Возможно, самым важным было церемониальное использование мёда безжалых пчёл – в церемониях, для которых мёд от европейских пчёл просто не подошёл бы. Невин и Элизабет Вивер были, возможно, последними из сторонних наблюдателей, которые стали свидетелями обряда духовного возрождения у индейцев майя, связанного с безжалыми пчёлами – церемонии, называемой «Ханли Кол». Её празднование, которое ранее предписывалось проводить каждые четыре года на деньги разных пчеловодов деревни поочерёдно, в последние десятилетия стало очень редким. Чтобы возродить эту традицию, Виверам пришлось заплатить шаману из другой деревни, чтобы он прибыл и исполнил обряд, длящийся сутки. Однако, едва он прибыл, сотни местных жителей из числа юкатекских майя изъявили желание принять в нём участие. Чтобы обряд Ханли Кол был исполнен должным образом, потребовались более ста часов предварительной работы и пожертвования множества продуктов от местных растений и животных.

Эта церемония, предназначенная для того, чтобы позволить местной семье пчеловодов удвоить количество содержащихся у неё колоний, чередовала ритуальные приготовления, раздачу традиционной пищи и пение древних молитв семь раз. Молитвы обряда были обращены к Ноюм Каа, Великому богу пчёл, который пришёл из традиционного дома местных пчёл – Ял Коба, храма классических майя. По иронии судьбы, когда за несколько десятилетий до этого в деревню были впервые завезены европейские медоносные пчёлы, они вызвали большое волнение, потому что многие из местных майя принимали их за посланников Великого бога пчёл, упомянутого в церемонии. Однако они постепенно поняли, что мёд европейских пчёл не обладал ни одним из лечебных свойств, приписываемых местному мёду. С тех пор содержание ульев европейских медоносных пчёл считается занятием, преследующим сугубо экономические цели и лишённым какой бы то ни было искупительной культурной ценности. Традиционные церемонии майя не имеют никакой власти над пасеками завезённых европейских пчёл или над вездесущей африканизированной расой, ныне господствующей в этих местах.

В недавнем прошлом имело место косвенное подавление пчеловодства индейцев майя из-за недоверия испанцев к «колдовству», которым оно сопровождалось. Мексиканско-американский поэт Франсиско Аларкон напоминает нам об этом: «“Пчёлы – благочестивые служители цветов/ которые хранят для себя./ Они делают воск, который мы жжём во славу Господа/ За это мы их любим и уважаем их”/– сказал Мигель, искатель пчёл, когда его обманом заставили исполнить/ заклинания ульев, которые он знал лучше, чем “Ave Maria”».

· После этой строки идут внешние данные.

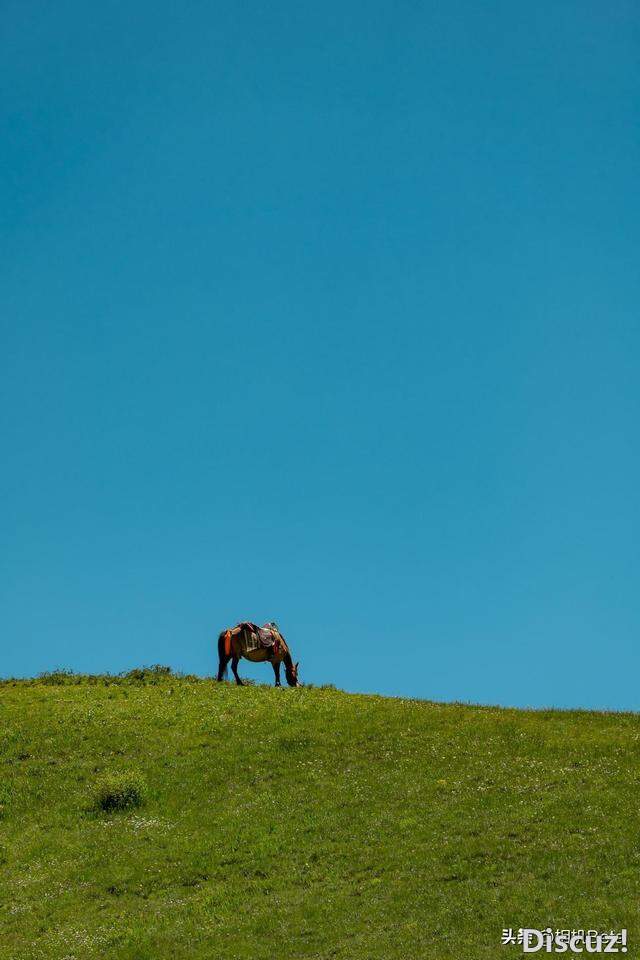 ����G318һ·���� ����LUMIX S5�����-15.jpg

К сожалению, количество колоний безжалых пчёл, о которых заботились майя, снизилось, поскольку всё большее число людей преследует исключительно экономические выгоды от содержания европейских медоносных пчёл, уделяя меньше времени аборигенным пчёлам. Число содержащихся индейцами колоний безжалых пчёл в настоящее время составляет лишь половину от того, что было в 1980 году. На сегодняшний день на полуострове Юкатан осталось лишь 530 семей, содержащих безжалых пчёл, и все эти майя содержат менее 5000 колоний, главным образом легче всего «приручаемого» вида Melipona beecheii. Сведение лесов позволило заложить в соседних областях плантации сахарного тростника и хенекена – плантации, где используются инсектициды, которые фактически истребили безжалых пчёл в некоторых местах прибрежных равнин. Генные пулы этих пчёл стремительно беднеют, и то же самое происходит с массивом культурных знаний о них.

Оказавшись в окружении участков вырубленного леса, некоторые земледельцы-майя, которым всё же пришлось отказаться от этой древней традиции пчеловодства, понимают, что их сборы мёда и урожая культурных растений в настоящее время стали необычно низкими. Некоторые винят в снижении количества мёда недостаточное количество цветов в вырубаемых ради древесины лесах, соседствующих с их придомовыми садами. Другие обвиняют в снижении урожая и сбора мёда локальную засуху, которая сопровождает вырубку леса. Любопытно, что некоторые земледельцы-майя винят в этом отсутствии дождей свой собственный отказ продолжать проводить приносящие дождь церемонии, которые всегда проводили их предки – церемонии, которые требуют оставлять на их полях мёд «шунан каа», безжалой пчелы. Без соблюдения этого ритуала урожаи будут страдать.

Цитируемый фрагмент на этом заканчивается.